In questa disciplina che in tanti vedono in espansione e in salute accade ancora di assistere alla promozione di squadre in Serie A che scoprono cadendo dal proverbiale albero da frutto, il pero che i costi per sostenere una dignitosa Serie A non sono nemmeno lontanamente vicini a quelli di una B. L’idea che si possa continuare a competere in un para professionismo con le risorse degli amatori è il più grande inganno perpetrato ai danni della disciplina.

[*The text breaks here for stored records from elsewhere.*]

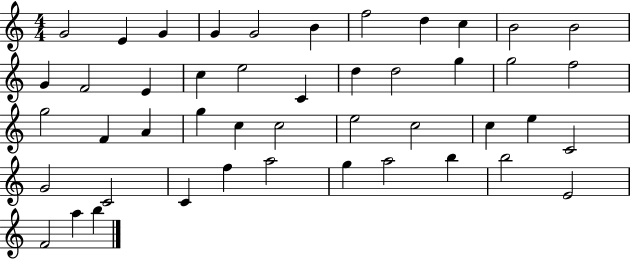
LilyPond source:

{
  \clef treble
  \numericTimeSignature
  \time 4/4
  \key c \major
  g'2 e'4 g'4 | g'4 g'2 b'4 | f''2 d''4 c''4 | b'2 b'2 | \break g'4 f'2 e'4 | c''4 e''2 c'4 | d''4 d''2 g''4 | g''2 f''2 | \break g''2 f'4 a'4 | g''4 c''4 c''2 | e''2 c''2 | c''4 e''4 c'2 | \break g'2 c'2 | c'4 f''4 a''2 | g''4 a''2 b''4 | b''2 e'2 | \break f'2 a''4 b''4 | \bar "|."
}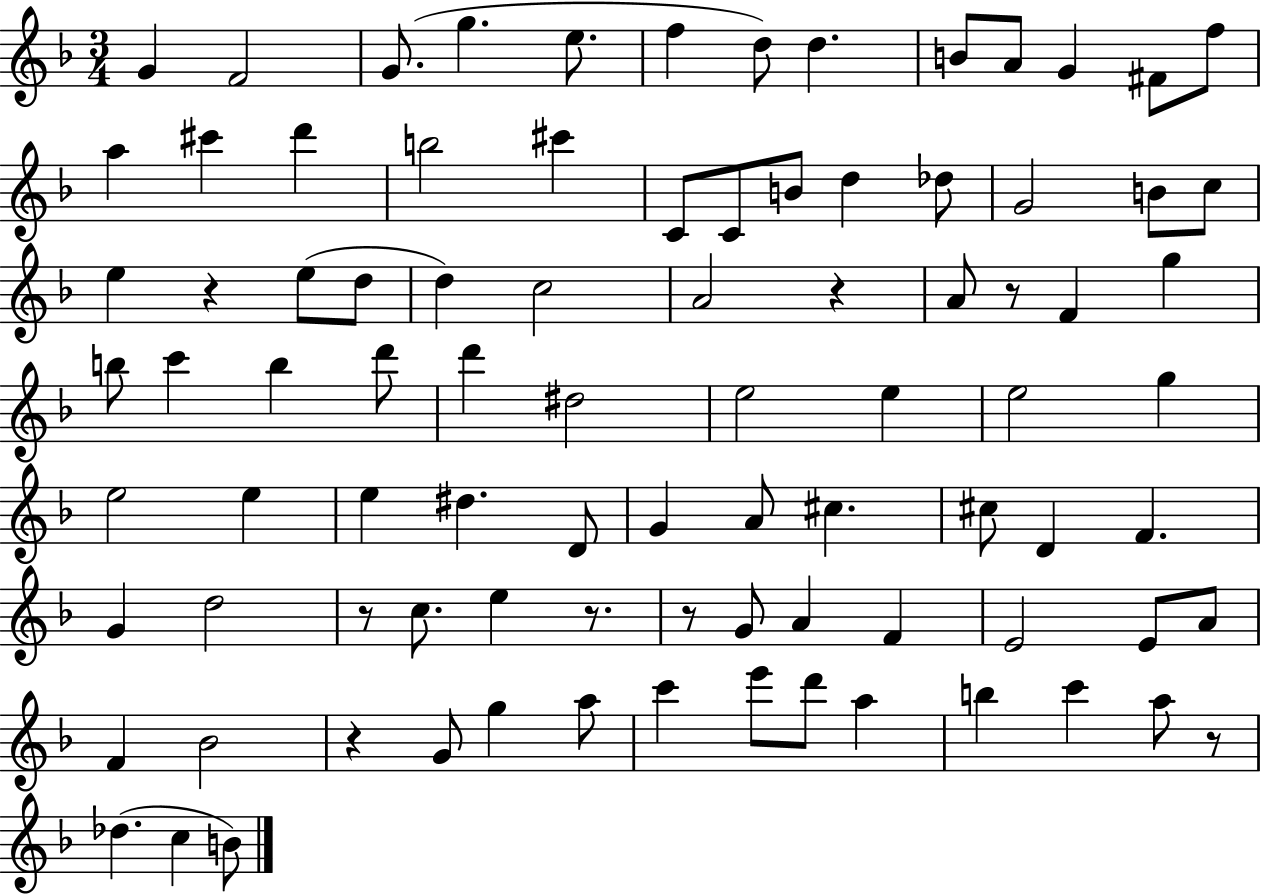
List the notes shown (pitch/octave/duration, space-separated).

G4/q F4/h G4/e. G5/q. E5/e. F5/q D5/e D5/q. B4/e A4/e G4/q F#4/e F5/e A5/q C#6/q D6/q B5/h C#6/q C4/e C4/e B4/e D5/q Db5/e G4/h B4/e C5/e E5/q R/q E5/e D5/e D5/q C5/h A4/h R/q A4/e R/e F4/q G5/q B5/e C6/q B5/q D6/e D6/q D#5/h E5/h E5/q E5/h G5/q E5/h E5/q E5/q D#5/q. D4/e G4/q A4/e C#5/q. C#5/e D4/q F4/q. G4/q D5/h R/e C5/e. E5/q R/e. R/e G4/e A4/q F4/q E4/h E4/e A4/e F4/q Bb4/h R/q G4/e G5/q A5/e C6/q E6/e D6/e A5/q B5/q C6/q A5/e R/e Db5/q. C5/q B4/e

Spariscono realtà con venticinque anni di militanza sui campi, come la Virtus Ciampino. Squadre che s’iscrivono alla A per poi sparire dopo un paio di stagioni, la Bellator vi dice nulla? Altre che sopravvivono almeno fino a quando le giocatrici già disponibili sul territorio continueranno la loro attività agonistica. Questa è la Serie A femminile di calcio a 5 in Italia.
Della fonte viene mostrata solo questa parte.